In 1908 verhuisde het gezin Pitlo naar Gouda, waar Adriaans vader tot notaris was benoemd. Hier werd Adriaan leerling van de tweede burgerschool voor jongens en vervolgens van het stedelijk gymnasium. Vaak logeerde hij tijdens zijn schooljaren in Antwerpen, bij zijn Duitse grootvader en Franse grootmoeder van moederszijde. Tijdens deze talrijke bezoeken werd in de royale familiesfeer de grondslag gelegd voor Pitlo's kosmopolitische aard en voor zijn liefde voor België. De lessen aan het gymnasium volgde hij met plezier, maar hij las zo veel buiten de leerstof dat hij aan het einde van het vijfde schooljaar bleef zitten. Daar doubleren zijn eer te na was, volgde hij in het zesde leerjaar privé-lessen, die door een met succes afgelegd staatsexamen gymnasium in 1920 werden afgesloten.

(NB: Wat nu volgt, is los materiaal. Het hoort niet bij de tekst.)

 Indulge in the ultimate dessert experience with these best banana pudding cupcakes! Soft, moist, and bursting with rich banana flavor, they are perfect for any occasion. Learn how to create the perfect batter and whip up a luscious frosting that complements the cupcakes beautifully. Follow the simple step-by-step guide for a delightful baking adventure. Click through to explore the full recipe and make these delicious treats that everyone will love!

Op aandrang van zijn vader ging Pitlo in Utrecht de opleiding voor het notariaat volgen, ofschoon zijn sterk theoretische belangstelling hem een leven in de notariële praktijk niet deed ambiëren. Meer geboeid was hij door het privaatrecht, maar ook een geschiedenis- of talenstudie behoorde tot de mogelijkheden, zoals hij later meer dan eens verklaarde. In Utrecht volgde Pitlo de lessen van de opleider, tevens privaatdocent notariaat en fiscaal recht, J. Eggens, wiens brede dogmatische aanpak en aandacht voor relativering hij erg bewonderde; zijn leven lang zou hij zich diens leerling blijven noemen. Na in het najaar van 1925 te zijn geslaagd voor het berucht moeilijke derde deel van het notarieel staatsexamen - 'dat was werkelijk een soort van Chinese tortuur' (Acht civilisten , 202) - werkte hij vervolgens gedurende anderhalf jaar als kandidaat op een Amsterdams notariskantoor. Intussen studeerde hij rechten aan de gemeentelijke Universiteit van Amsterdam, waar hij op 3 december 1926 het kandidaatsexamen aflegde.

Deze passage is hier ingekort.